### Task requirements
Word for word, print each record, dropping any image it holds.

### Material for the task

========================

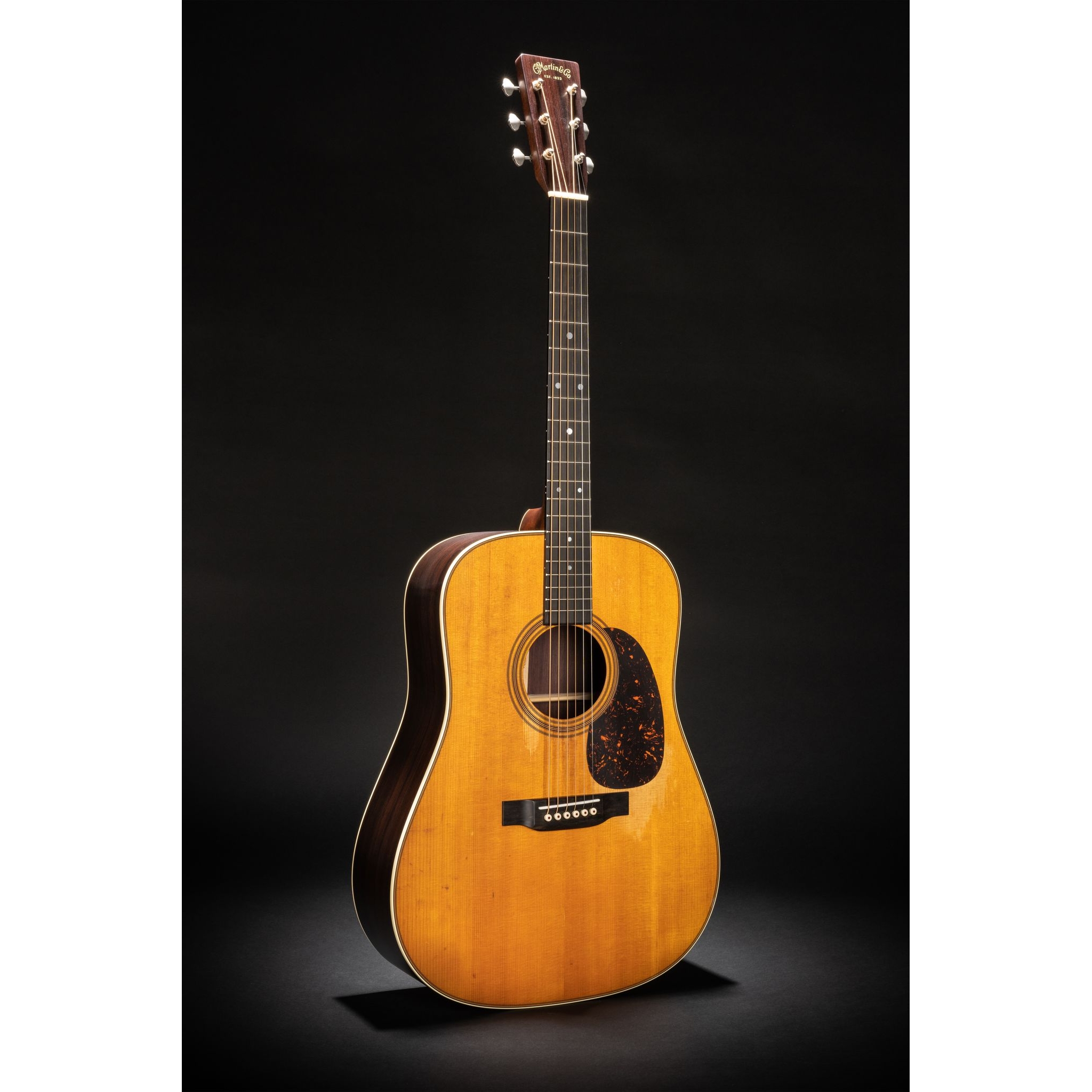 Martin D-28 Street Legend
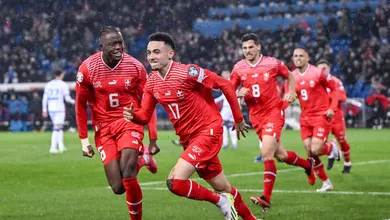 Su&iacute;&ccedil;a sofre mais um &lsquo;apag&atilde;o&rsquo;, mas empate com o Kosovo &eacute; o suficiente para vaga na Eurocopa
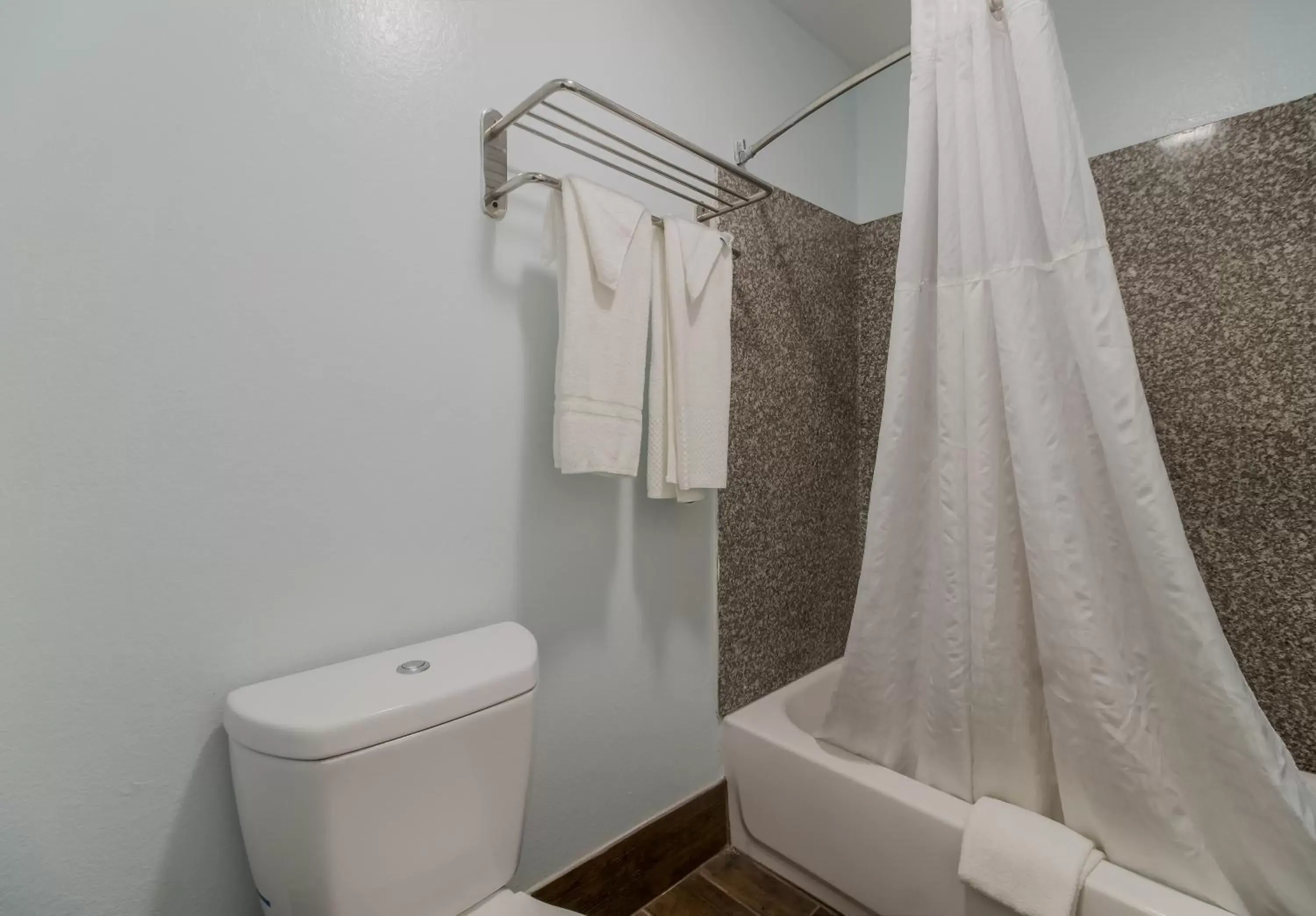 Bathroom in Econo Lodge Inn & Suites Fulton - Rockport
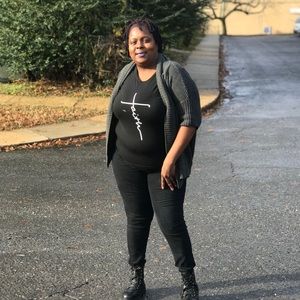 Meet your Posher, Akiba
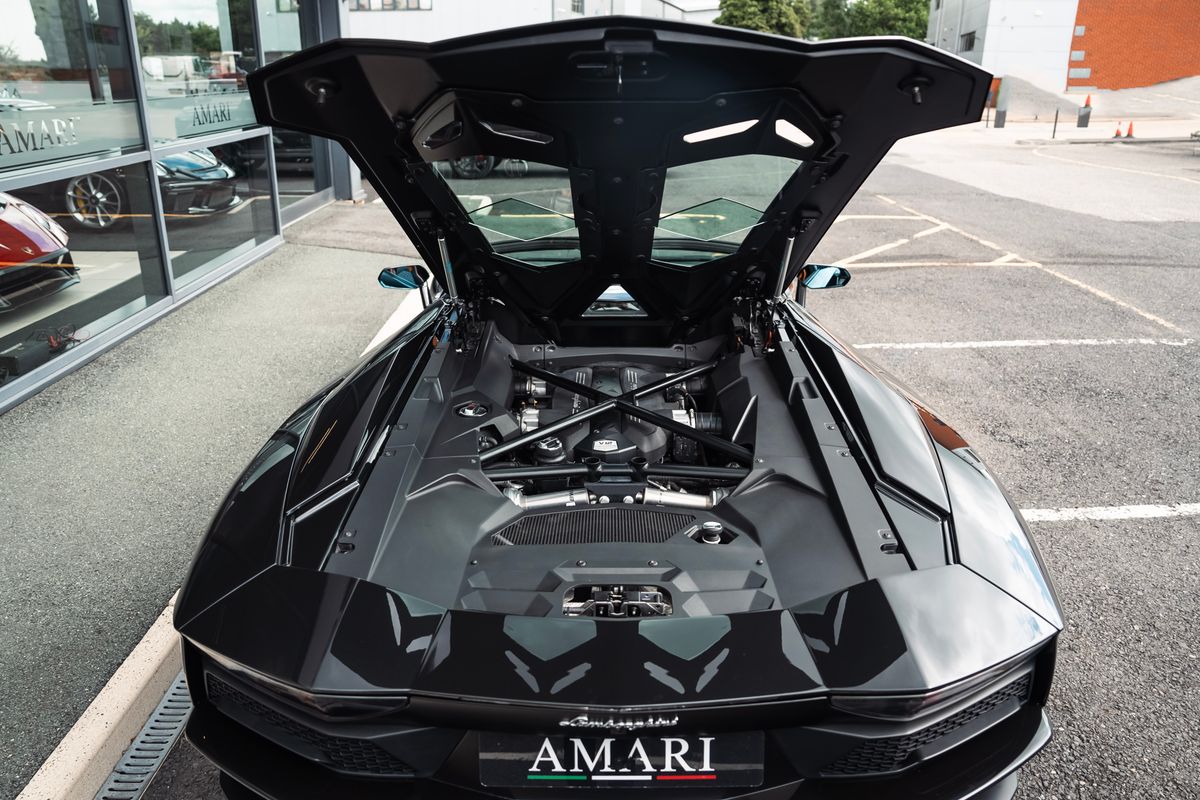 Lamborghini Aventador S Roadster LP 740-4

========================

### Answer section
 Martin D-28 Street Legend
 Su&iacute;&ccedil;a sofre mais um &lsquo;apag&atilde;o&rsquo;, mas empate com o Kosovo &eacute; o suficiente para vaga na Eurocopa
 Bathroom in Econo Lodge Inn & Suites Fulton - Rockport
 Meet your Posher, Akiba
 Lamborghini Aventador S Roadster LP 740-4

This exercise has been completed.